How to Replace a Standard Light Switch

By +Don Vandervort, HomeTips

From time to time wall switches fail when the contact points within the switch become worn or eroded. If a switch doesn’t work, first make sure the problem is with the switch and not the light or device it’s supposed to power. Plug a working lamp or other appliance into the switch-controlled receptacle to make sure the switch is faulty.

It’s easier and cheaper to replace a switch than it is to repair it. Be aware that you don’t need to replace it with the same kind of switch. For example, you might want to replace a single-pole switch with a dimmer switch to save energy and vary the lighting in a room.

Both are attached to a ground, are wired into “hot” wires only, and have either terminal screws or lead wires for making connections. (You can’t, however, simply replace one switch with another type that requires more wires, such as a single-pole switch with a three-way switch, for example.)

When you replace a switch, make sure you check the amp and voltage ratings on the back of the old switch. The new switch should have the same ratings.

If you have aluminum wiring (the metal part of the wires looks silvery), be sure to get a replacement switch marked “CO/ALR.” Unmarked or CU/AL switches should be replaced with CO/ALR switches.


To replace a switch:

1) Shut off the power at the circuit breaker and test the bare ends of the connection wires with a circuit tester to be sure the power is off.

2) Carefully unscrew the switch from the electrical box, pull it outward without touching any bare wires, and test the bare wire ends again to make sure they’re not active.

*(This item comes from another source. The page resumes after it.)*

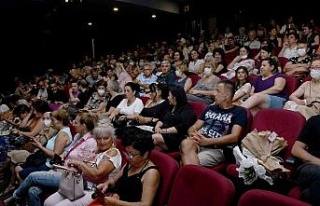 Kuşadası Belediyesi tiyatroseverleri oyunlar ile...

3) Remove the old switch by disconnecting the wires from the terminals. If the wires are attached to screw terminals, just loosen the screws by turning them counterclockwise. If the wires are pushed into terminal holes in the back of the switch, press a very small-headed flat screwdriver into the small rectangular slots located by the terminal holes to release the wires.

4) Loosen the green grounding terminal screw and, using needle-nose pliers, loop the bare or green grounding wire from the circuit around it, clockwise, and tighten the screw to lock it in place. Then, if the switch has terminal screws, loop the circuit wires clockwise around the terminal screws in the same fashion and tighten the screws. If the switch only has push-in terminal holes in the back, make sure that 1/2 inch of insulation is stripped from the end of each circuit wire, straighten each tip with lineman’s pliers, and push the wires into the terminal holes. Wiggle all the wire connections to make sure they are secure.

5) If the new switch has short wires coming out of its body, using lineman’s pliers, twist together the bare end of the green wire clockwise with the circuit’s green or bare ground wire, and then secure the connection with a wire nut. Then join the bare ends of the switch’s wires to the circuit wires, twisting clockwise, and secure them with wire nuts. Wiggle the wires to make sure the connections are secure.

6) Push the wires and switch into the wall box, and then place the flange of the switch over the screw holes in the box. secure the flange with screws at the top and bottom, and secure the faceplate over the wall box.

7) Turn the circuit back on and test the switch.